— Exercise aim —
Only the lines from the one containing "Trina Turk dress" to the end of the listing below should be returned, exactly as written and without pictures.

— Data block —
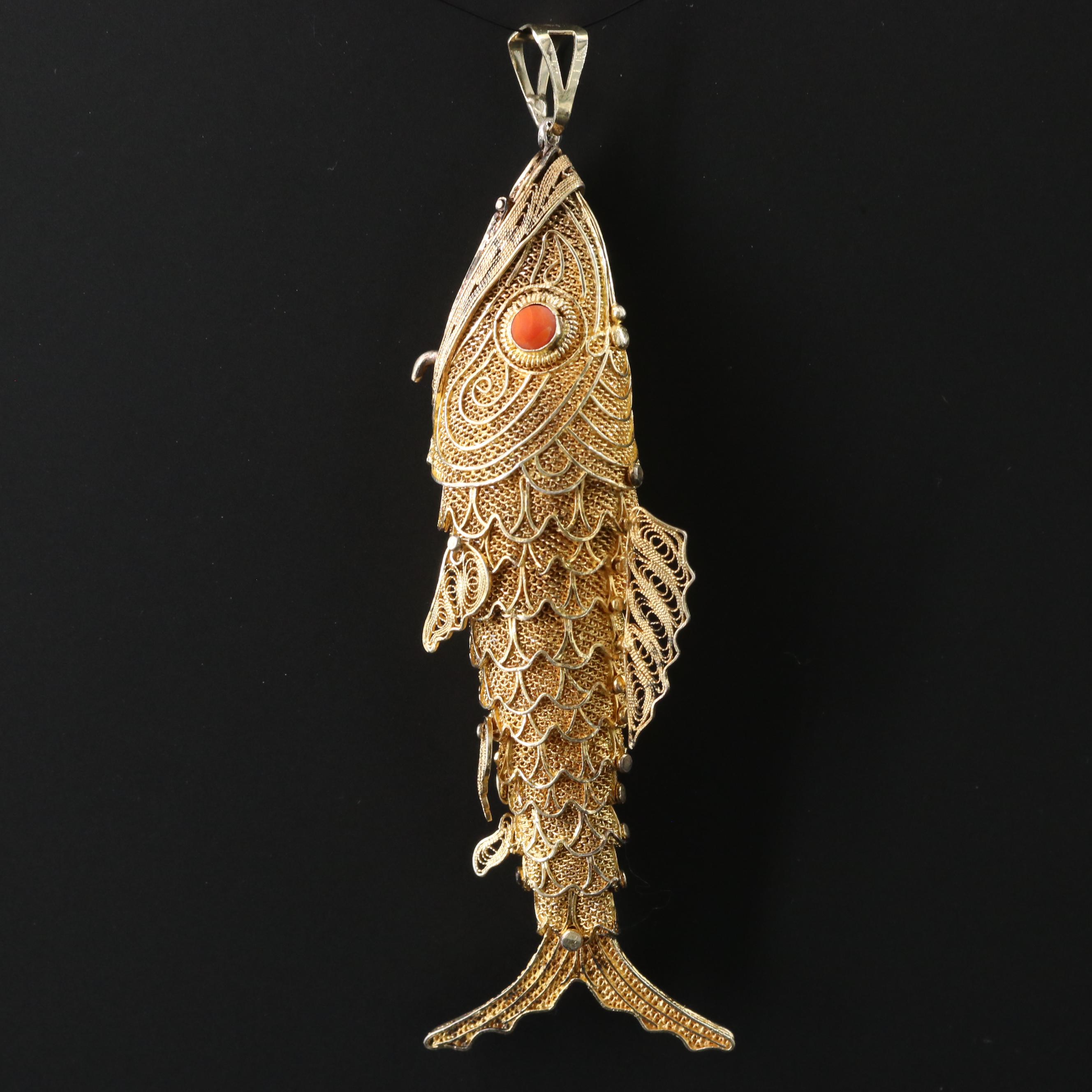 Chinese Export Sterling Filigree Articulated Fish Pendant with Coral Eyes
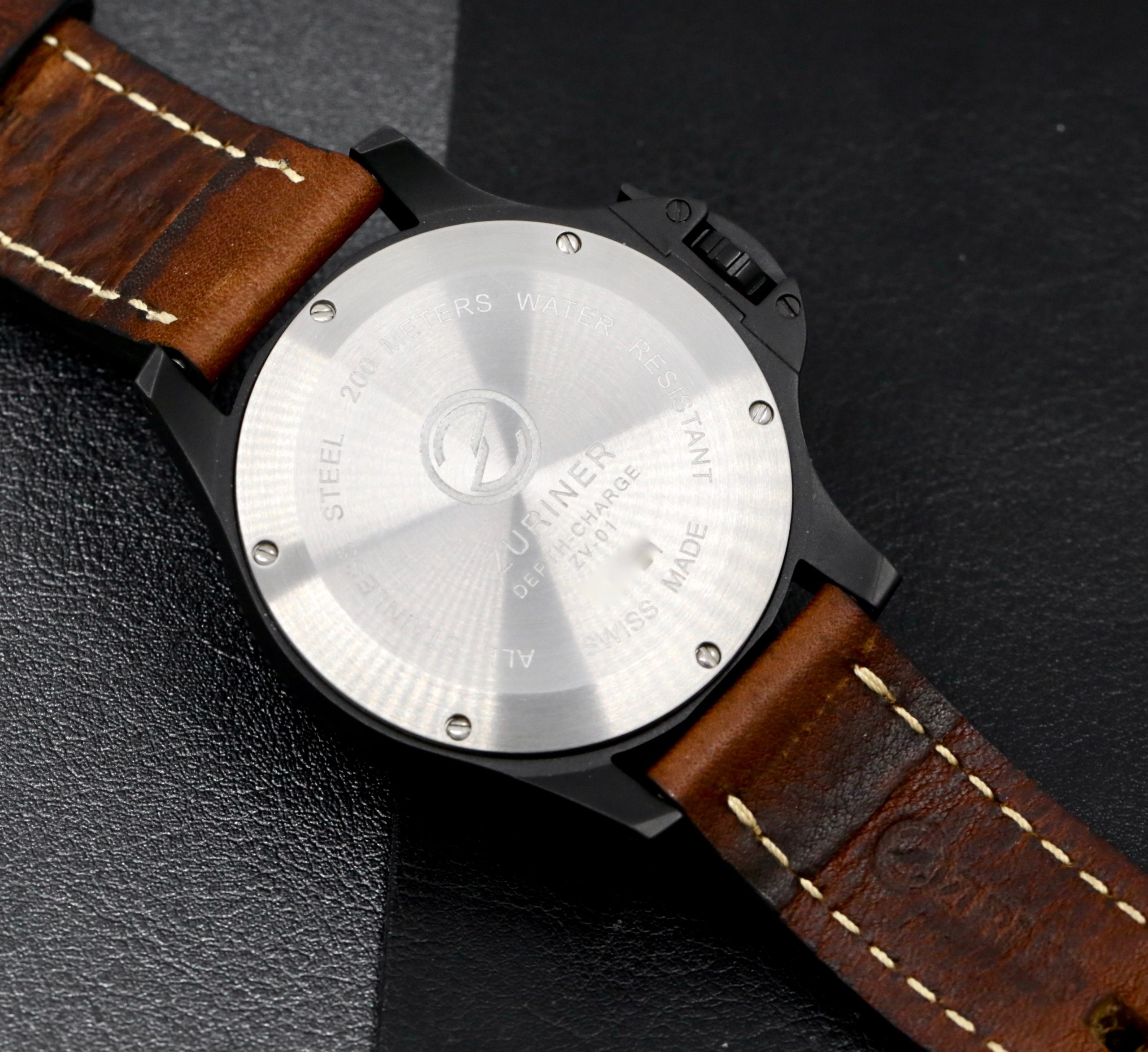Zuriner Depth Charge ZV-01, Destro Watch, Black PVD Coated Stainless Steel Case, Black Dial, on Brown Zuriner Leather Strap with on Zuriner Black PVD Coated Stainless Steel Tang Buckle, Ref. ZV-01, Circa: 2012, with Box & Book - *Sold as Traded! - Image 4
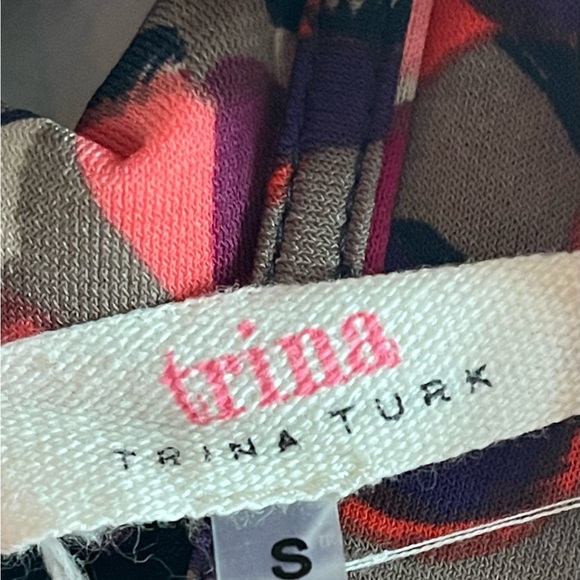 Trina Turk dress mixed media print, EUC - Picture 4 of 7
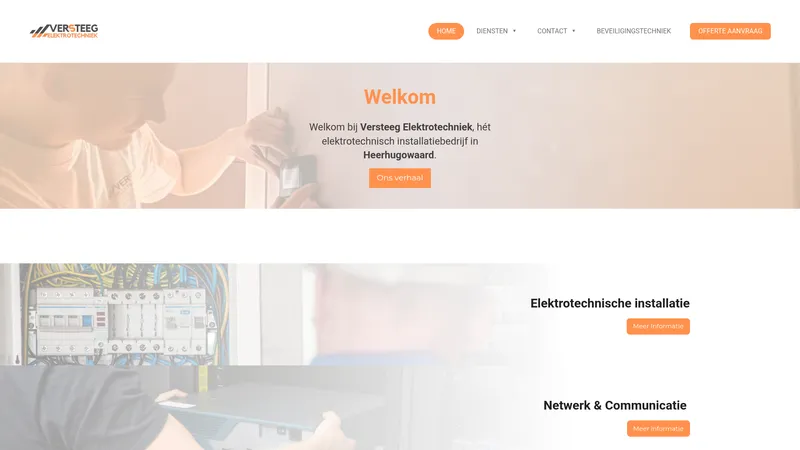 Website van Versteeg Elektrotechniek Heerhugowaard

— Response area —
 Trina Turk dress mixed media print, EUC - Picture 4 of 7
 Website van Versteeg Elektrotechniek Heerhugowaard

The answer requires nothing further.